The Three-Person Investment Committee and Concentrated Conviction
TCV's investment decision-making reflects the firm's concentrated portfolio strategy through a unanimous three-person investment committee. This structure ensures high conviction for every investment while preventing groupthink that might emerge from larger committees.
"It has to be unanimous on investments," Hoag explains, describing the final approval process that filters 11 million tracked companies down to 6-10 annual investments. This concentration ratio seems extreme but reflects growth investing's fundamental difference from early-stage venture capital approaches.
Early-stage investors often make 30-50 investments per fund, knowing most will fail but hoping a few generate extraordinary returns. Growth investors can't rely on power law dynamics because they're paying higher prices for more mature businesses. Success requires being right more often, which demands deeper conviction about each opportunity.
The three-person committee balances different risk tolerances and perspectives while maintaining decision-making efficiency. Hoag describes himself as "more on the aggressive side" regarding non-consensus opportunities, recognizing that "if you're right, it's often where the excess returns are."

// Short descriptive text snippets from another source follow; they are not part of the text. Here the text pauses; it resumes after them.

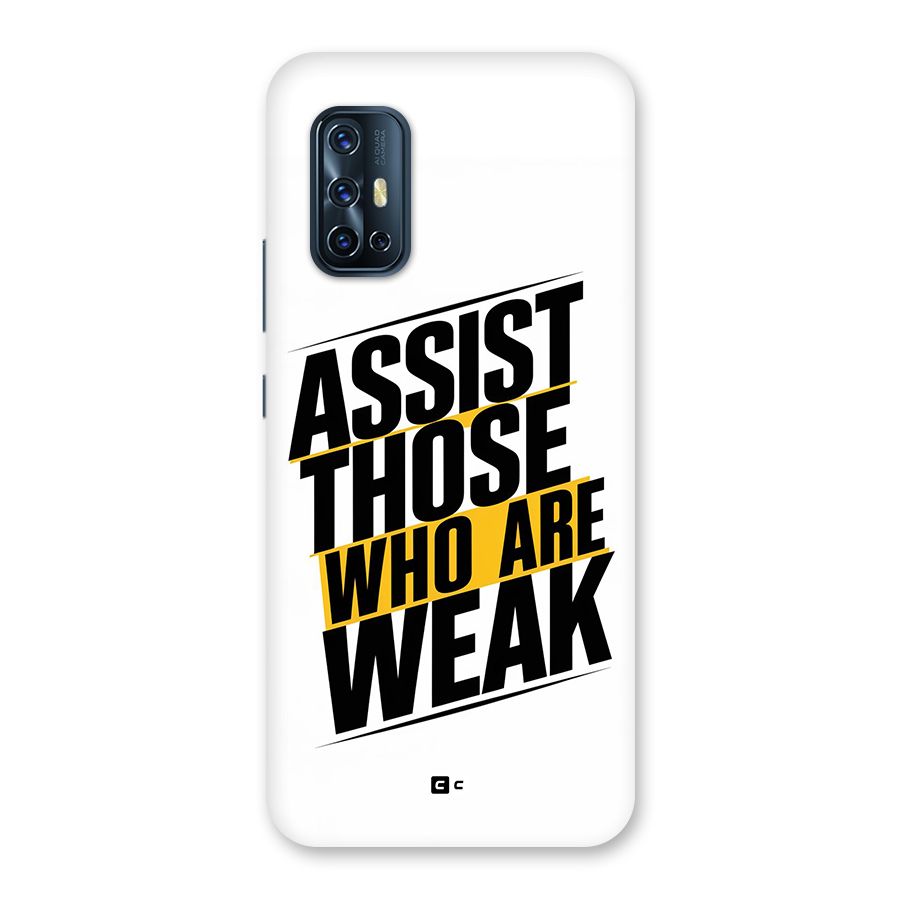 Assist Weak Back Case for Vivo V17
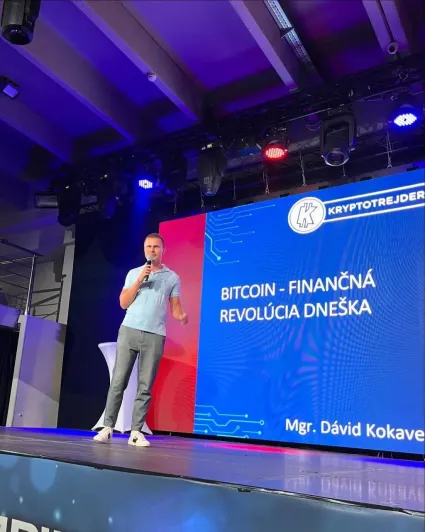 Dávid Kokavec na konferencii
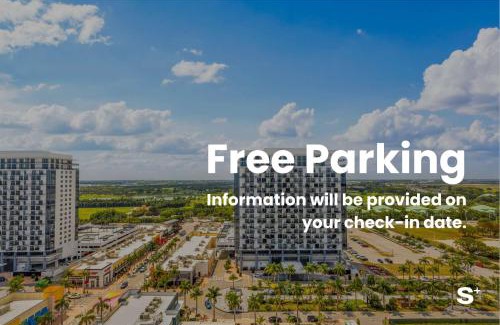 Doral House | Modern 1BR in Downtown Doral - Free Parking and Wellness Amenities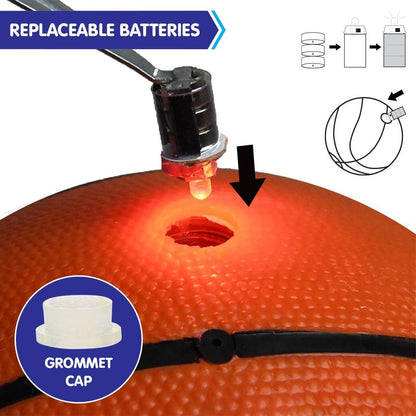 Kahuna Basketball L.e.d Glow Light Up Trampoline Ball.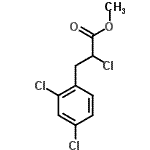 CAS 登录号：259132-21-3， 甲基2-氯-3-(2,4-二氯苯基)丙酸酯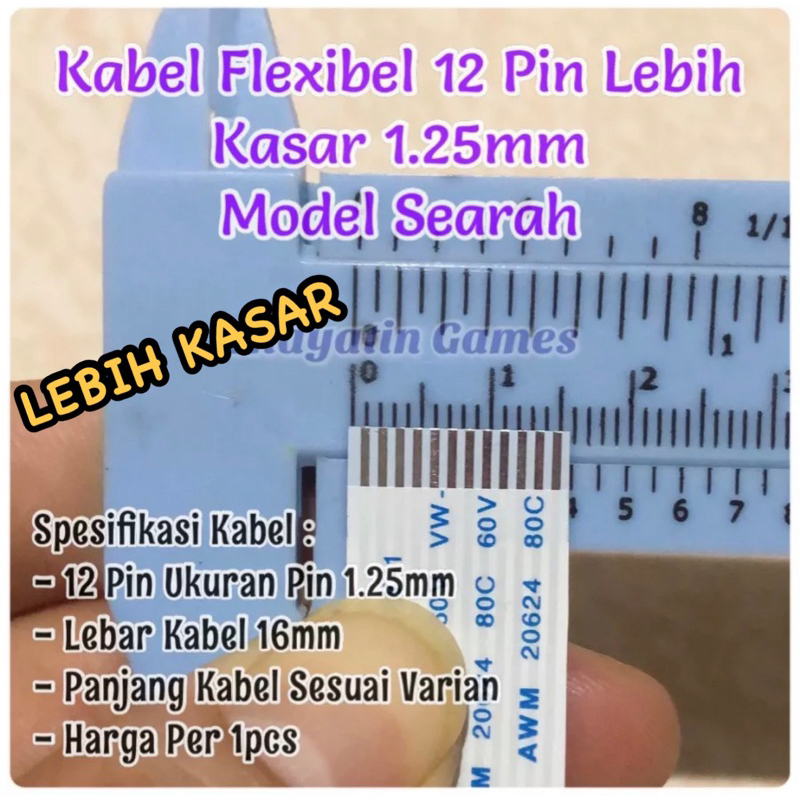 Jual Kabel Flexibel Pin Lebih Kasar Searah Panjang Varian Ukuran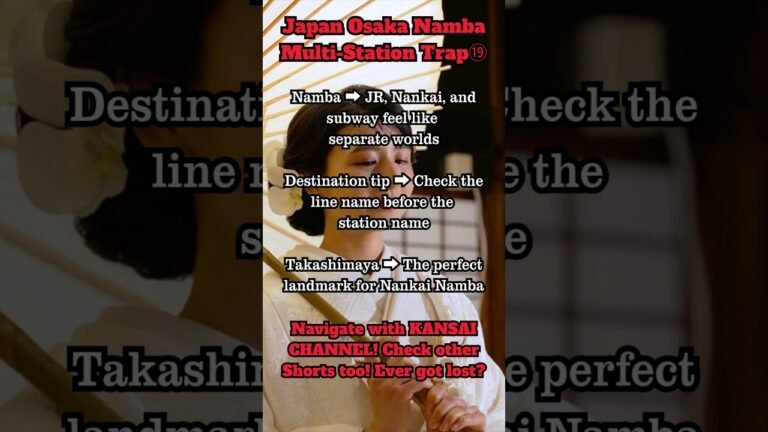 Osaka Japan Travel Guide, Kansai Airport to Namba Station, Osaka to Kyoto Train Tips for Foreigners!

This approach has enabled TCV to back category-defining companies while avoiding the dilution effects of over-diversification. When Netflix represented 43% of the fund at IPO, concentration created both enormous returns and enormous risk. Managing this tension requires exceptional company selection and the temperament to maintain conviction during inevitable market volatility.
Long-Term Holding Through Public Market Turbulence
TCV's strategy of holding successful investments through public market transitions creates unique challenges around timing, portfolio management, and external pressures. The firm typically retains stakes in portfolio companies after IPO, believing the best businesses compound value over decades rather than quarters.
This philosophy proved rewarding with Netflix and Spotify, where continued holding generated far greater returns than immediate post-IPO liquidation. However, it requires withstanding periodic market corrections and constant second-guessing about timing decisions.
"When they go through periods of material revaluation in the public market, you get second-guessed at the wazoo and sometimes you second-guess yourself," Hoag admits. The 2022 technology correction prompted widespread questions about why TCV hadn't sold everything at 2021 peaks.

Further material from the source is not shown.